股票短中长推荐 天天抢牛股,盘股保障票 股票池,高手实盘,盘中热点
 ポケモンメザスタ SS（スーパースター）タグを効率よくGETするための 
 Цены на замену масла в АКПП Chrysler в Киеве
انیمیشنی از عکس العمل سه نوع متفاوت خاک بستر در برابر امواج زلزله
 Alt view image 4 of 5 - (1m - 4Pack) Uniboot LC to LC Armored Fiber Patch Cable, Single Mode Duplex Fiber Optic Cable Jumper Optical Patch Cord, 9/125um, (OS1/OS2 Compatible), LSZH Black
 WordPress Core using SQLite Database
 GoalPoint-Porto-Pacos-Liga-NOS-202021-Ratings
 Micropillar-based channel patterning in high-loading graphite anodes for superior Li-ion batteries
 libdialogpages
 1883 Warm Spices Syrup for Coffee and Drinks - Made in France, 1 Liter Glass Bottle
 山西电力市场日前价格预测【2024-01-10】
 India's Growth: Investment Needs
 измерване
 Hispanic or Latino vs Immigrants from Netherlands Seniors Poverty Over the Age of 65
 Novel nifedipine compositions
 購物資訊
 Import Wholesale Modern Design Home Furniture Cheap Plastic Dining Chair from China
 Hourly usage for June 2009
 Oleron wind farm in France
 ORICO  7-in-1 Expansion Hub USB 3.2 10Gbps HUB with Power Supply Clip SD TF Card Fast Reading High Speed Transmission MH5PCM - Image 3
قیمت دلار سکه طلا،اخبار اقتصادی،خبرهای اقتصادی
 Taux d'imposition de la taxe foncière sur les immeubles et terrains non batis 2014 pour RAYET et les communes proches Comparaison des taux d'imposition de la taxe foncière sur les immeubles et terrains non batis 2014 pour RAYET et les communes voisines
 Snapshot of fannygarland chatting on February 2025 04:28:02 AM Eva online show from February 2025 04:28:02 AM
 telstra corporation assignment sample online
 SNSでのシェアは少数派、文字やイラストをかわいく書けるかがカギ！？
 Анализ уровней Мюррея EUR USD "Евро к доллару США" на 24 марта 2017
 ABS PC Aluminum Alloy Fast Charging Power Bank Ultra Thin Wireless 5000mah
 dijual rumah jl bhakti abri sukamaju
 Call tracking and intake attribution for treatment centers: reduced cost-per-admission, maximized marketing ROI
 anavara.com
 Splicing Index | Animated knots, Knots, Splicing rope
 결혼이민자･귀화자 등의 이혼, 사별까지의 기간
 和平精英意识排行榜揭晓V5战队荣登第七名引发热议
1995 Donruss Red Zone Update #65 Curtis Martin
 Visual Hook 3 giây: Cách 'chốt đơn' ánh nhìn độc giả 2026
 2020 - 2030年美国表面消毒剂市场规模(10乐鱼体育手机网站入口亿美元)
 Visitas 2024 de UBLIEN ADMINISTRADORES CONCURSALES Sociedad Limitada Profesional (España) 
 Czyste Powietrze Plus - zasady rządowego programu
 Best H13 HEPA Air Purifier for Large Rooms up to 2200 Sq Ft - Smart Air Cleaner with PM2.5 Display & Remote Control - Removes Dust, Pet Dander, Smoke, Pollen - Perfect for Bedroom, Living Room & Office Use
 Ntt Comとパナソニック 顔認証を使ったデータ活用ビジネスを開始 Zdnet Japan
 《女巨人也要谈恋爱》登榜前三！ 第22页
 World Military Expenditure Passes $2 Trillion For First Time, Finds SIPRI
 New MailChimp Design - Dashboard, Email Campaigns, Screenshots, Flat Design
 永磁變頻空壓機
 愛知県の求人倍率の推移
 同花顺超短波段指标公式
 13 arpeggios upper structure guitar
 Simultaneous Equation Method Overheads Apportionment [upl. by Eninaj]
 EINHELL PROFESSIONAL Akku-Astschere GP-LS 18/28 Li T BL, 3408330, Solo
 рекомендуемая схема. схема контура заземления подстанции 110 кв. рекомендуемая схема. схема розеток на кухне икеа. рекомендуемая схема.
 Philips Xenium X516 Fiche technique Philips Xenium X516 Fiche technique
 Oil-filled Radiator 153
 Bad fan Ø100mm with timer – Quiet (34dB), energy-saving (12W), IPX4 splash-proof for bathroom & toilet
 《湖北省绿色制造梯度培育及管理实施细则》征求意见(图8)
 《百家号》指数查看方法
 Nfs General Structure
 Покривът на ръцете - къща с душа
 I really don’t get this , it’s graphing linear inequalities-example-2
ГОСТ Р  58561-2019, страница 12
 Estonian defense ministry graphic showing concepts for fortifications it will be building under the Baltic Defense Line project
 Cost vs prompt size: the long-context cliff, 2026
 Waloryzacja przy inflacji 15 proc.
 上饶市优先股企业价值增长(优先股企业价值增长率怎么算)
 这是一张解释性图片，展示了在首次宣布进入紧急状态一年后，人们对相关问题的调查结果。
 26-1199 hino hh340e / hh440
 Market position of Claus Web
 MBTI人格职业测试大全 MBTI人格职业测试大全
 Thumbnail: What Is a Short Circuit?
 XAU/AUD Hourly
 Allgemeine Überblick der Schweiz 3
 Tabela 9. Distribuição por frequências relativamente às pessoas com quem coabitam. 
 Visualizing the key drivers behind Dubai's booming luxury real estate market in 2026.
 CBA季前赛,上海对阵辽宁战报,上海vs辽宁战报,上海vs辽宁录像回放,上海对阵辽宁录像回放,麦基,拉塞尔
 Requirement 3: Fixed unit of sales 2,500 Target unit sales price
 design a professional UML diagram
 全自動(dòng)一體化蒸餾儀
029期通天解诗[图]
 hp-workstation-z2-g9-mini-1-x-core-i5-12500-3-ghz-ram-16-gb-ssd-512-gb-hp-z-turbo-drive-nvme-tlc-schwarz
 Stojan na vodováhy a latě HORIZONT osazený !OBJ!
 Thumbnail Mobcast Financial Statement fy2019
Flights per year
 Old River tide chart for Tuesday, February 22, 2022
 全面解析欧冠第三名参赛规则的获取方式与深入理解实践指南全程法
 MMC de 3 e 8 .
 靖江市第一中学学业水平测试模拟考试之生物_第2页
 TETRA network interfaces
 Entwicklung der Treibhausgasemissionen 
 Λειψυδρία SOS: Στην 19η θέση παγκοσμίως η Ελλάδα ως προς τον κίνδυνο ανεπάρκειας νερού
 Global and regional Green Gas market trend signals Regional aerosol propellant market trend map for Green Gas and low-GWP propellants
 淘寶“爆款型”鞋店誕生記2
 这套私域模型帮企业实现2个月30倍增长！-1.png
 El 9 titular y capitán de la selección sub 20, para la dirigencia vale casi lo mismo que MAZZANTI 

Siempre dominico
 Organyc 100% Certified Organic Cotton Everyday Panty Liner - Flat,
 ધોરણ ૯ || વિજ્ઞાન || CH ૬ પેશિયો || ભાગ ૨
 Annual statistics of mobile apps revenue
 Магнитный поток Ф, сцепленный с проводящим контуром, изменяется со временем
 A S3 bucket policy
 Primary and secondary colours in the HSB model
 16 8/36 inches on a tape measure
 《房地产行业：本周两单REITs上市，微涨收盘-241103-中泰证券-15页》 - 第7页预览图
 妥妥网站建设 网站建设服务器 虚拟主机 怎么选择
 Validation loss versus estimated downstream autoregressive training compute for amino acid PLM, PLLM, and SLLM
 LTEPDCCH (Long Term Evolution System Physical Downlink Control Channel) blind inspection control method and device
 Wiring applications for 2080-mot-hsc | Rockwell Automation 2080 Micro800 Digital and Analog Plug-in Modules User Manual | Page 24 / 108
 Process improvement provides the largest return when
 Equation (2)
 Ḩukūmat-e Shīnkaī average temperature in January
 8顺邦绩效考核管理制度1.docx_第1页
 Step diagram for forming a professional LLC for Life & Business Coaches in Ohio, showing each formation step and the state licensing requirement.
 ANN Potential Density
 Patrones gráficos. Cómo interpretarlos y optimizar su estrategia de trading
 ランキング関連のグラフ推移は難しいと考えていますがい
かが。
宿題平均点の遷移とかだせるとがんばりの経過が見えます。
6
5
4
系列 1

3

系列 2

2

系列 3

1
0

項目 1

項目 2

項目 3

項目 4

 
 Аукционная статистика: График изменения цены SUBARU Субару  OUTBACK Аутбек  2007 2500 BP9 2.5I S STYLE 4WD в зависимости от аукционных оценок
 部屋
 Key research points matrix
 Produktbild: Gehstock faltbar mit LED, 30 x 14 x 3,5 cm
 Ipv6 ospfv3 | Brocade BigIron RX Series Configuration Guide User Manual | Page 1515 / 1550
──────────────────────────────
:: To do ::
The answer needed is a single number: how many lines in the records above hold the string "February". Please write nothing else.

:: Result ::
2